## Problem to solve
Stop at the line containing "Stelvio Pass (Passo": write out every line from the beginning of the entries up to and including it, minus the pictures.

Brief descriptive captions
════════════════

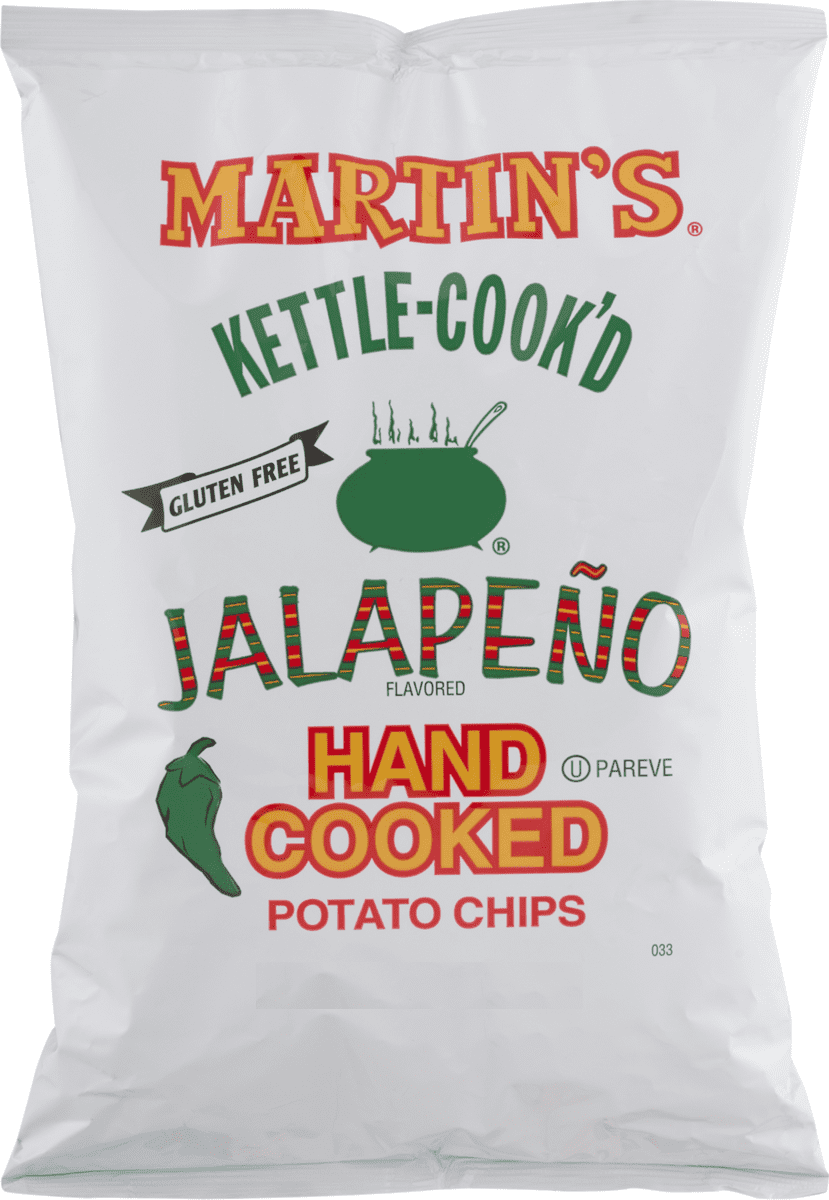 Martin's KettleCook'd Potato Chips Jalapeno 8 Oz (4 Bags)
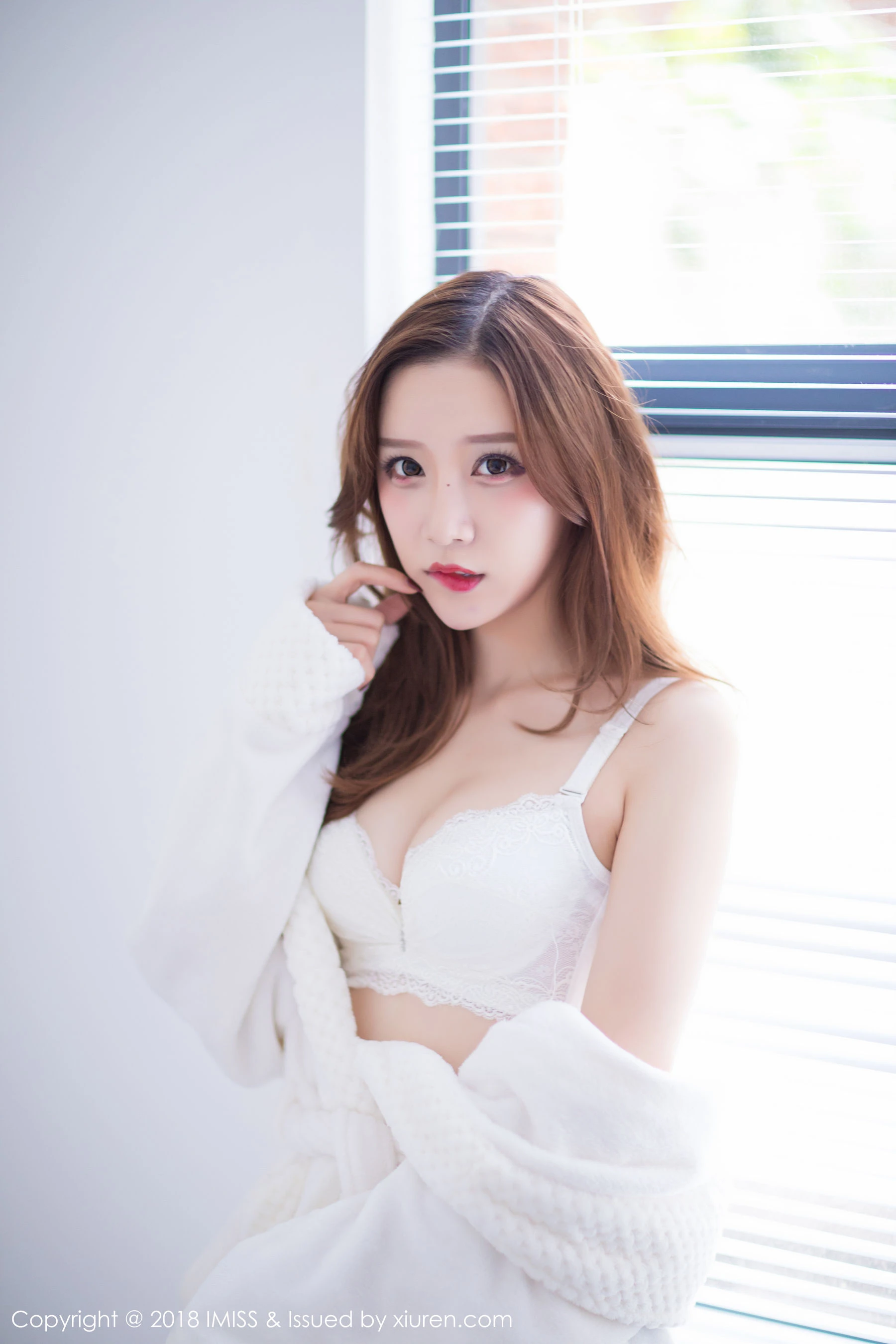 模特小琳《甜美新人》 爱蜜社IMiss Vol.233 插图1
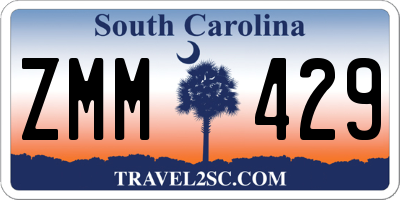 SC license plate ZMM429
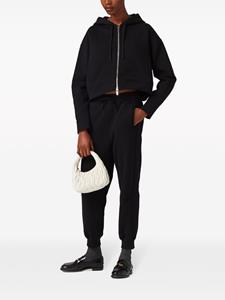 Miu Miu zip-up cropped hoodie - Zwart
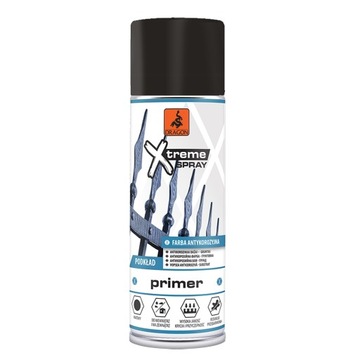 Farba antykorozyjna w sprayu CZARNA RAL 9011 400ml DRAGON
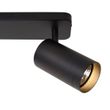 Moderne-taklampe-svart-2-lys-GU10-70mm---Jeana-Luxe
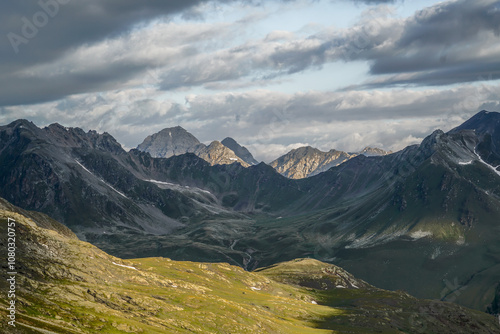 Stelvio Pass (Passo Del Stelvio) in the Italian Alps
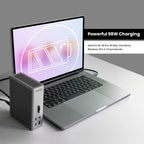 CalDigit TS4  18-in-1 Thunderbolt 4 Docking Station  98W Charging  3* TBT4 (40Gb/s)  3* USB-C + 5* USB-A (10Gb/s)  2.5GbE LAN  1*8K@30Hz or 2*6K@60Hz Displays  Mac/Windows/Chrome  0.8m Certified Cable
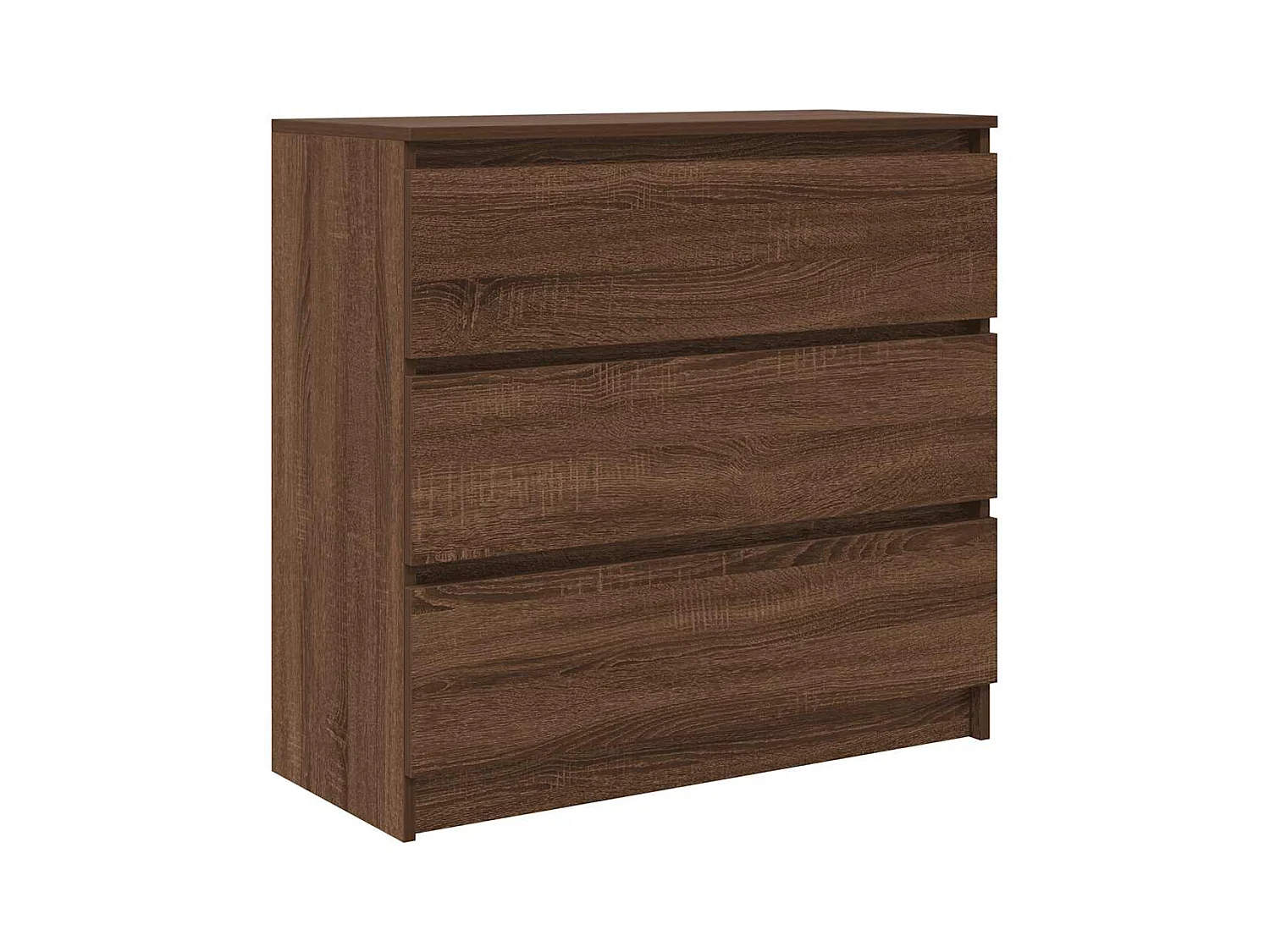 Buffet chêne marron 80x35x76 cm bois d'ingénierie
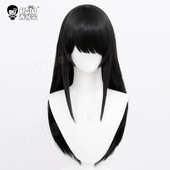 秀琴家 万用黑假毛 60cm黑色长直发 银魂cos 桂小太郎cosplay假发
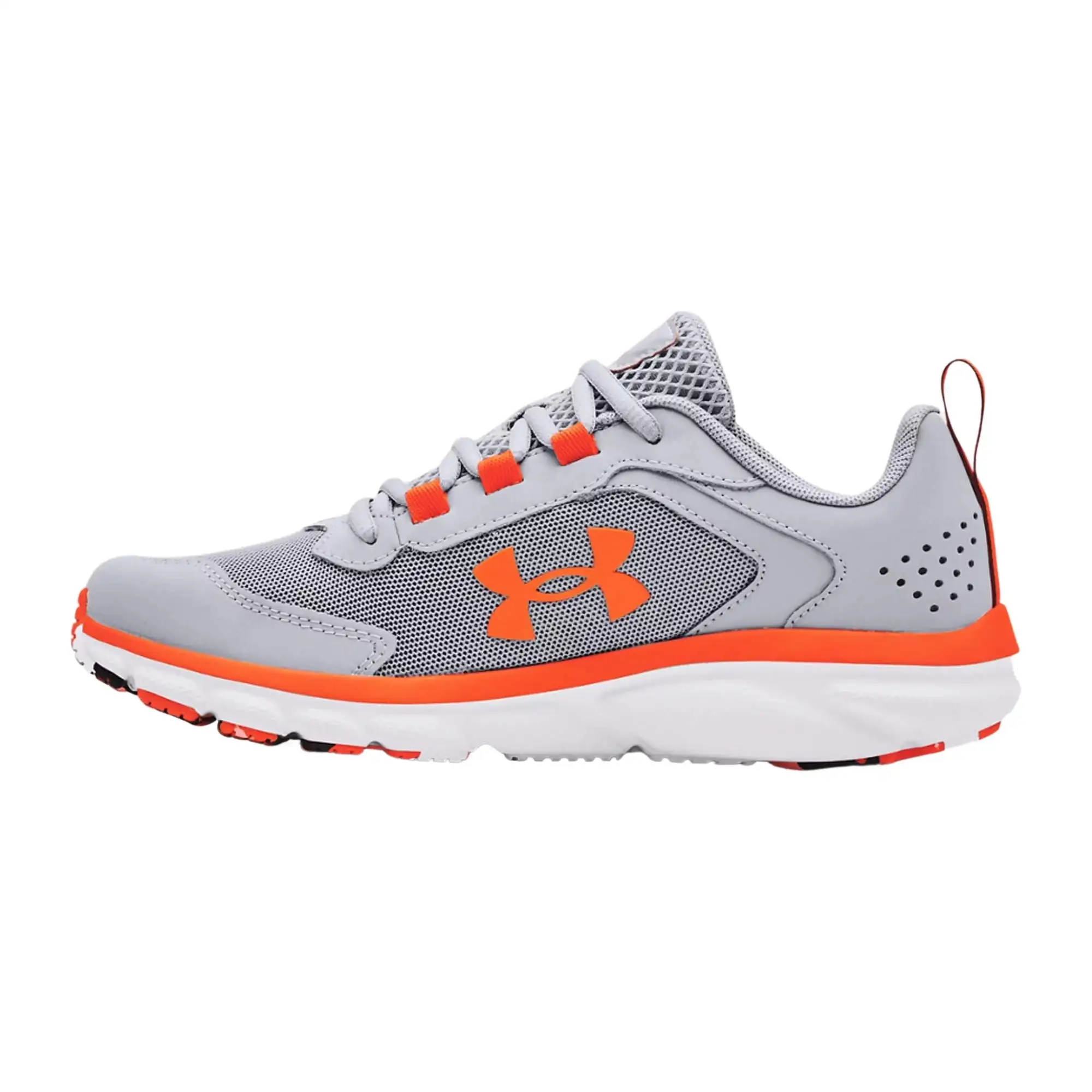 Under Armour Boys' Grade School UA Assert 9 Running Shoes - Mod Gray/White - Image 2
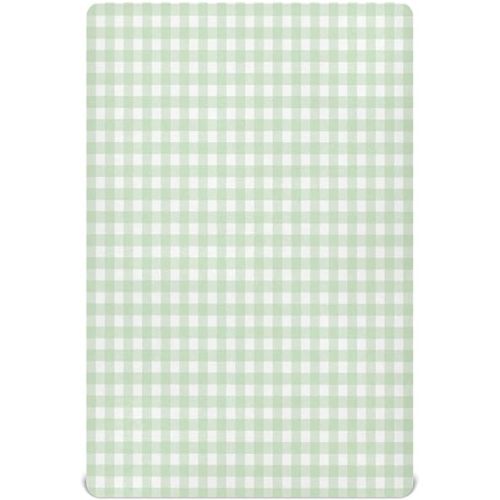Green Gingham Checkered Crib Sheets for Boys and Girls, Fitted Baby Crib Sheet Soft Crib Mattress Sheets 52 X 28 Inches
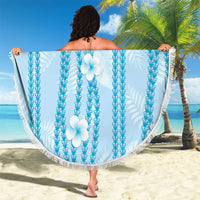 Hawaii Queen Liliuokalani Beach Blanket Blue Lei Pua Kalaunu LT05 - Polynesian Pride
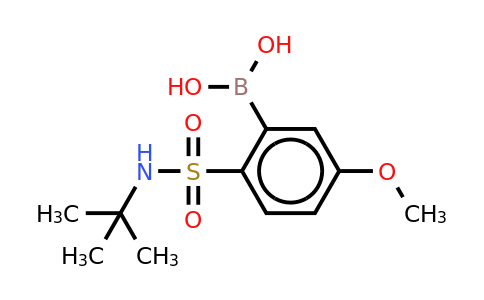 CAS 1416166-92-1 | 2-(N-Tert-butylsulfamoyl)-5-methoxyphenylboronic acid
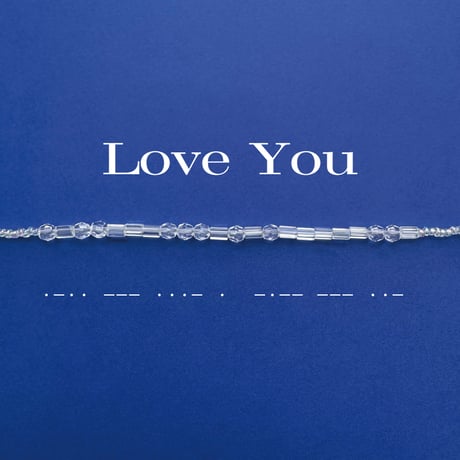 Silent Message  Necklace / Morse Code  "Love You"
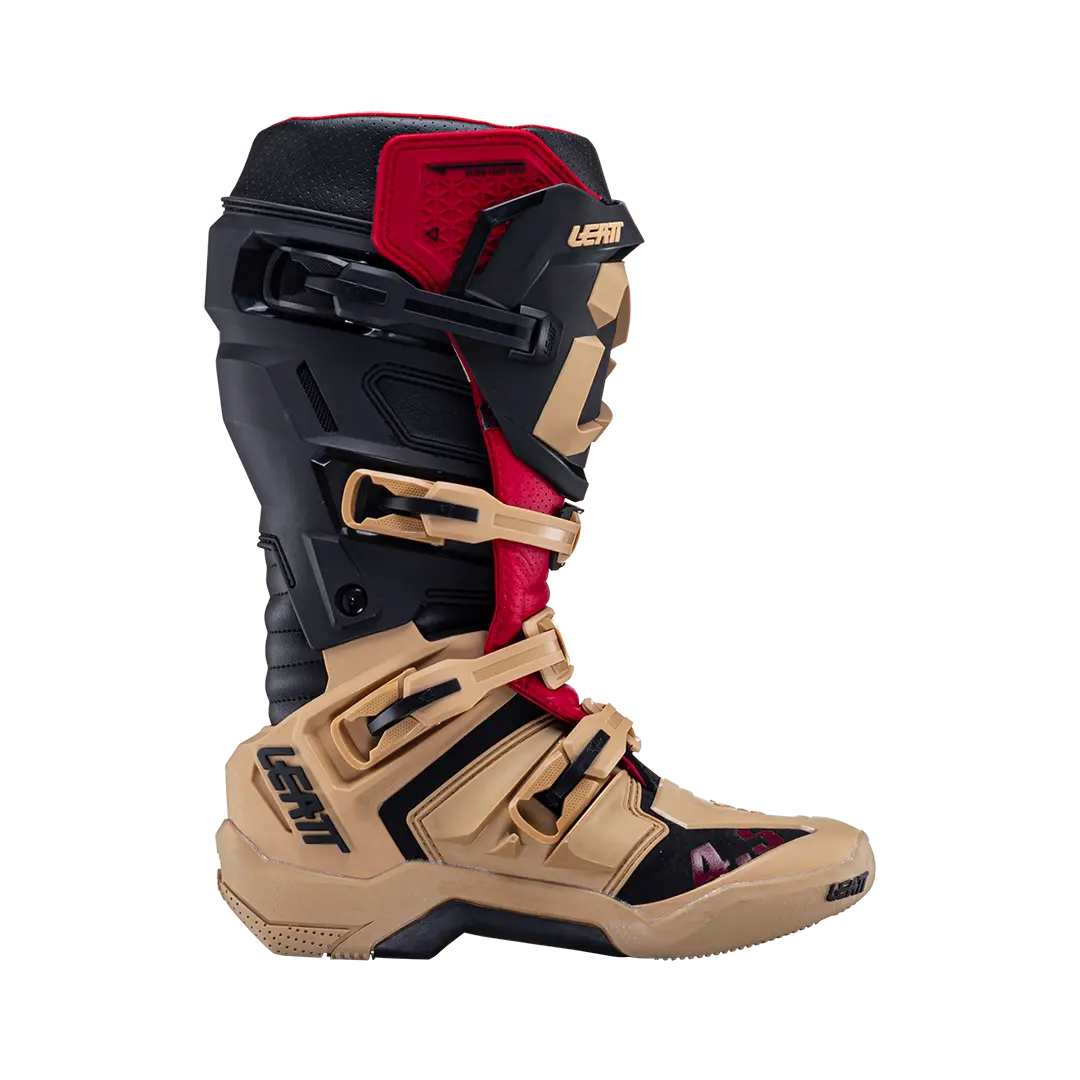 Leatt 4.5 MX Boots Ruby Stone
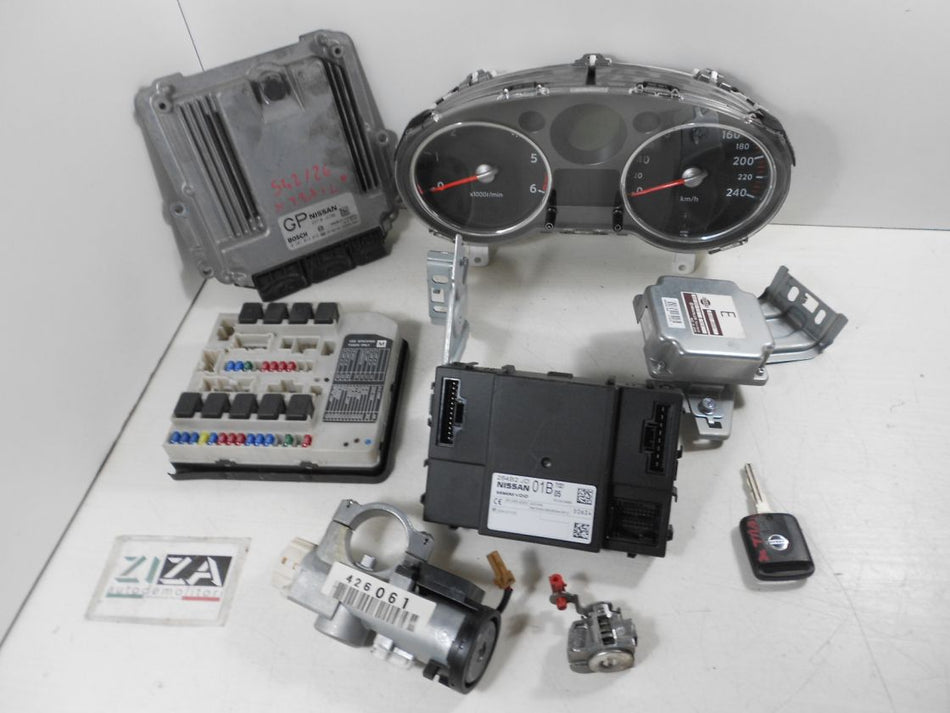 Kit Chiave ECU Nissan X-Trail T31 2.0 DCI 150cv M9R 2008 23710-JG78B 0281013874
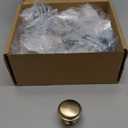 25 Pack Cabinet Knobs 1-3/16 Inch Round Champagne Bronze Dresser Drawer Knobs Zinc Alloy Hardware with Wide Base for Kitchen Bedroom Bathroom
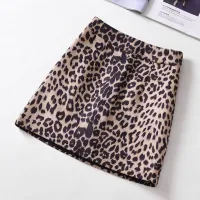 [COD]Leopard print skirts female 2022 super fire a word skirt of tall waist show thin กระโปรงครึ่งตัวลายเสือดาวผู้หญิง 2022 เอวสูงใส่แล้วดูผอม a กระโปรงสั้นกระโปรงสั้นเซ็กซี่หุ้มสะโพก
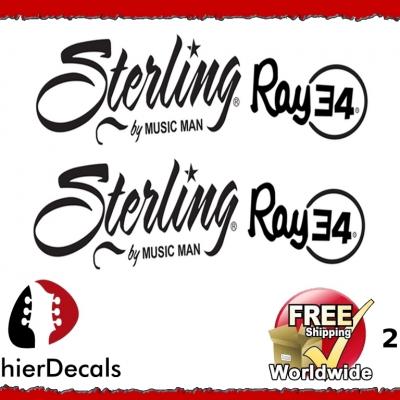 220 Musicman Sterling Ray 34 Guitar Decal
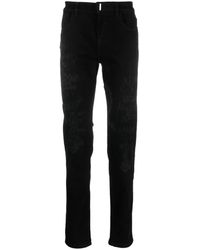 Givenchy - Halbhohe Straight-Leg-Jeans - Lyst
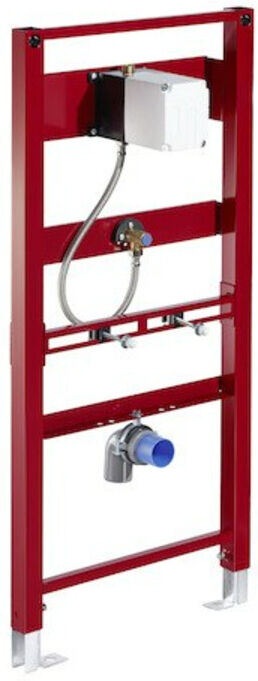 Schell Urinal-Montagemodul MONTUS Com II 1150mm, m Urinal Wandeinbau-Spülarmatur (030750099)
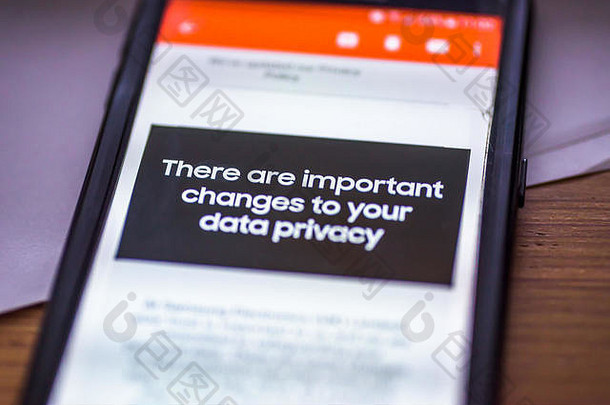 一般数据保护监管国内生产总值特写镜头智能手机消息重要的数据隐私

════════════════

## Result of this task
 Martin's KettleCook'd Potato Chips Jalapeno 8 Oz (4 Bags)
 模特小琳《甜美新人》 爱蜜社IMiss Vol.233 插图1
 SC license plate ZMM429
 Miu Miu zip-up cropped hoodie - Zwart
 Farba antykorozyjna w sprayu CZARNA RAL 9011 400ml DRAGON
 Moderne-taklampe-svart-2-lys-GU10-70mm---Jeana-Luxe
 Stelvio Pass (Passo Del Stelvio) in the Italian Alps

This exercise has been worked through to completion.